On June 22, 2003, I embarked upon a challenging adventure with my brother-in-law to hike along the North Shore of Lake Superior.
I had planned this immense and demanding trip with him since December of 2002. I called it “the quest”. You can read all about the quest on our website www.atrumpetinthewilderness.org
This four-day adventure along the renowned “Lake Superior Trail” was a memorable experience. We walked about ten to 16 miles per day. I had trained vigorously for the quest, walking with a ten pound backpack, five miles per day, six days a week.
In preparation for the hike I purchased the appropriate gear, i.e., suitable clothing, a poncho, hat, hiking shoes, and various other things needed to equip myself to successfully complete the quest.

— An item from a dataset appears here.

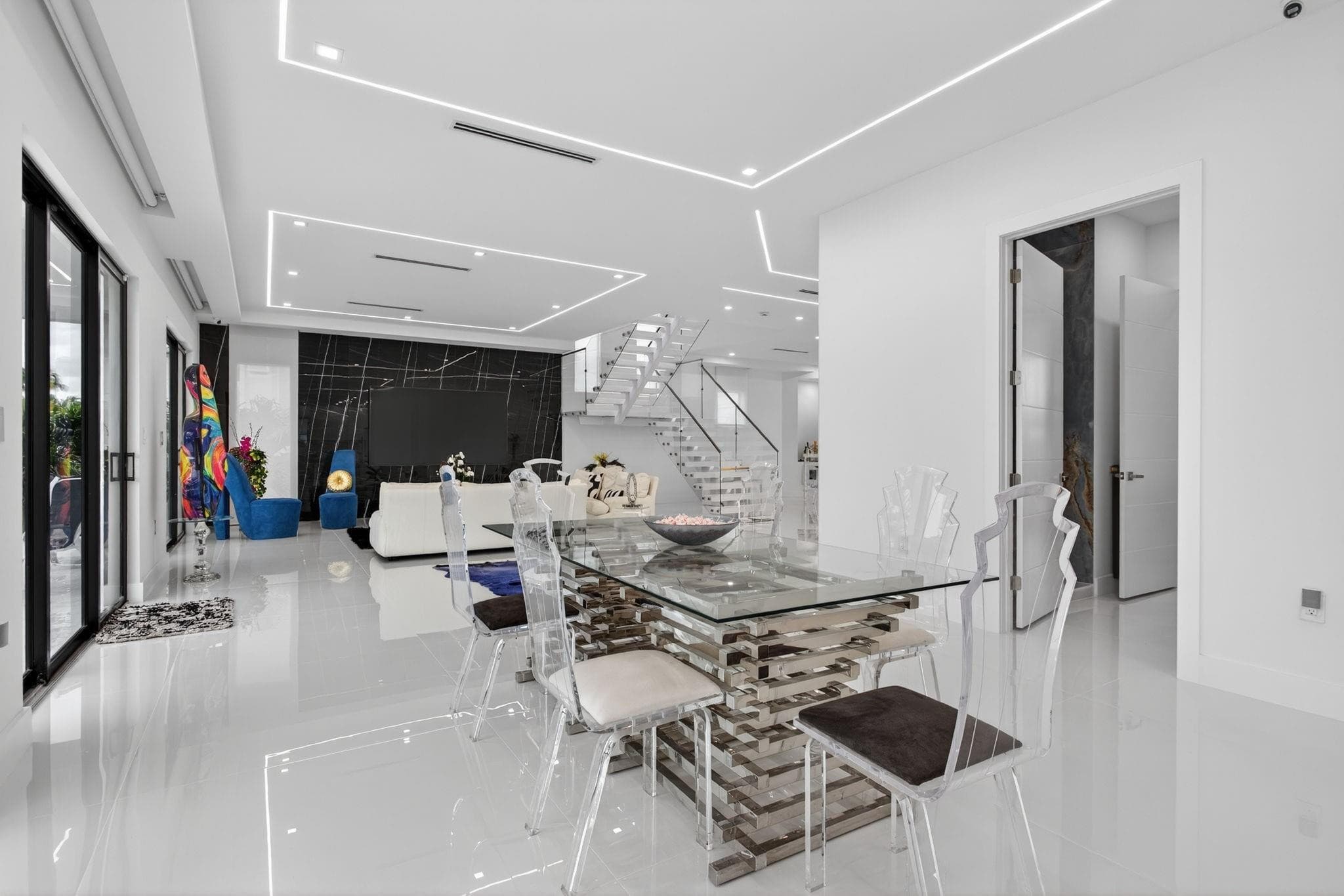 1205 Avocado Isle, Fort Lauderdale, FL 33315 — photo 14 of 34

I had just about everything I would need except a compass - I didn’t think I would need a compass.
I remember the night before this feat; I went to the upstairs bedroom in my in-law’s house near St. Paul. While they were involved in viewing a rented video, I sat quietly trying to clear my mind of any pre-conceived fantasies of the next day, and quietly relaxed and prayed.
My brother-in-law would describe himself as a liberal Roman Catholic - a Catholic by religion and catholic by most of his views and I would agree with his assessment. I am extremely conservative, a Protestant, and more under the umbrellas of the Messianic Jewish persuasion than anything else. Messianic Jews (at least some) believe in keeping the so-called Mosaic Law, the Biblical feasts, and basically retaining their Jewishness, but trusting in Yeshua completely for salvation.
For by grace are ye saved through faith; and that not of yourselves: it is the gift of God: Not of works, least any man should boast.
I had enumerated several goals I wanted to accomplish on this endeavor, but there were four that were paramount:
1.To complete the challenge
2.To become closer to my brother-in-law
3.To draw closer to the Lord
4.To hear a profound and discerning Word from the Holy Spirit.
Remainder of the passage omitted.